The New Solution: Dimensional Regularization (The "Softening" Tool)

The authors propose a specific mathematical tool called Dimensional Regularization.

The Analogy:
Imagine you are trying to measure the temperature of a flame. If you stick a thermometer directly into the hottest point, it might melt (the "infinity").

• The Old Way: You try to guess what the temperature would have been if the thermometer didn't melt.
• The New Way (Dimensional Regularization): Instead of measuring in our normal 3D world, the math temporarily "softens" the rules of the universe. It treats the space as if it has a tiny bit less than 4 dimensions (like 3.99 dimensions).

In this "softened" space:

1. The "infinity" at zero distance doesn't explode. It becomes a manageable, finite number (a "pole" that can be handled).
2. The math flows smoothly from the "Coordinate" view to the "Momentum" view without needing to make arbitrary guesses.
3. When the math is finished, the scientists "turn the dial back" to our normal 4D world, and the result is clean, consistent, and free of the previous ambiguity.

Why This Matters

• Consistency: This method proves that if you do the math in Coordinate Space and translate it, you get the exact same answer as if you did the math directly in Momentum Space. The "translation error" is gone.
• Lattice QCD: This is crucial for "Lattice QCD," a method where supercomputers simulate the universe on a grid (like a pixelated screen). These simulations naturally produce data in "Coordinate Space." To get real-world predictions (like how a proton behaves in a collider), they must translate to "Momentum Space." This paper provides the official, correct rulebook for that translation, ensuring that simulations of gluon and quark mixing are now accurate and reliable.

Summary

The paper solves a decades-old puzzle where two ways of describing particle physics gave conflicting answers when particles got too close. The authors found that the conflict came from a lack of a proper rule for handling "zero distance." By using a mathematical technique called Dimensional Regularization, they created a consistent rule that works for both descriptions, ensuring that future calculations of how quarks and gluons mix are accurate and unambiguous.

Technical Summary

Technical Summary: Regularization Prescription for the Mixing Between Nonlocal Gluon and Quark Operators

Problem Statement
In the study of parton physics, particularly within the framework of light-front (LF) quantization and lattice QCD (via quasi-LF operators), a persistent ambiguity exists regarding the mixing between flavor-singlet quark operators and gluon operators. This issue arises specifically in the "gluon-in-quark" channel.

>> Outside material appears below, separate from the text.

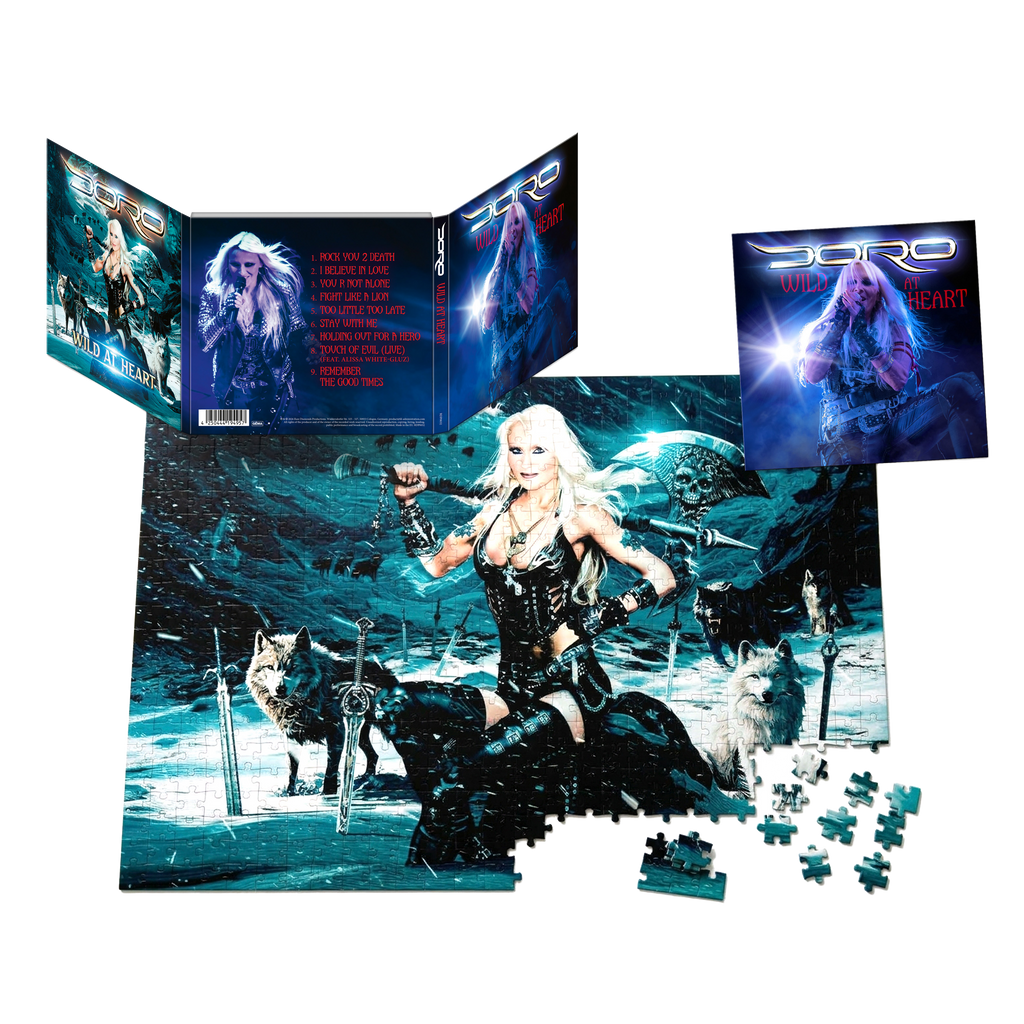 Wild At Heart - CD Digipak - Release: 11.12.2026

The core difficulty stems from the mismatch in mass dimensions between the gluon LF operator (dimension 4) and the quark LF operator (dimension 3). To compensate, the mixing coefficient must incorporate the lightlike (or spacelike) separation $z_{12}$ of the nonlocal operators, resulting in a term proportional to $1/z_{12}$. When transforming results from coordinate space to momentum space via Fourier transform, this $1/z_{12}$ singularity at $z_{12} \to 0$ leads to an indefinite integration limit.

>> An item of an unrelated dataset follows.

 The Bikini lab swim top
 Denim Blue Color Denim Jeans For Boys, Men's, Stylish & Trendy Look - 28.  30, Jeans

Conventional approaches attempt to resolve this by:

1. Replacing the coordinate space result with an integral form with an arbitrary lower limit $a$, leading to results dependent on the choice of $a$.
2. Matching Mellin moments between coordinate and momentum space. However, the authors argue this method is insufficient because it implicitly assumes specific integration constants and does not guarantee a unique solution under charge conjugation symmetry.

These ambiguities hinder the consistent extraction of parton distribution functions (PDFs) and generalized parton distributions (GPDs) from lattice QCD calculations, where nonlocal operators are evaluated at finite spacelike separations.

Methodology
The authors propose that the ambiguity is fundamentally due to the lack of a proper regularization prescription for the singularity at zero field separation. To resolve this, they employ Dimensional Regularization (DR) with $d = 4 - 2\epsilon$.

The methodology involves:

1. Coordinate Space Analysis: Examining the Operator Product Expansion (OPE) and factorization formulas for nonlocal correlators. The authors demonstrate that in the limit $z_{12} \to 0$, the factorization formulas contain singular terms (e.g., $\ln z_{12}^2$ or $1/z_{12}$). By applying DR, these singularities are regulated, allowing for a smooth local limit that recovers the expected mixing patterns of local operators.
2. Momentum Space Consistency: The authors perform the Fourier transform of the regularized coordinate space kernels into momentum space. They calculate the matching kernels for quasi-PDFs and quasi-GPDs in $d$ dimensions.
3. Comparison with Alternative Methods:
   • They compare their DR-derived kernels ($C_{gq}^{FT, DR}$) with kernels calculated directly in momentum space ($C_{gq}^{mom}$) and those derived using a Principal-Value (PV) prescription.
   • They analyze the deficiencies of the Mellin moment matching approach, showing it fails to uniquely fix the integration constants required for a consistent Fourier transform.
   • They test the PV prescription, finding that while it agrees with DR at one-loop for forward correlators, it yields inconsistent results (specifically, non-zero local limits where zero is expected) for polarized nonforward correlators.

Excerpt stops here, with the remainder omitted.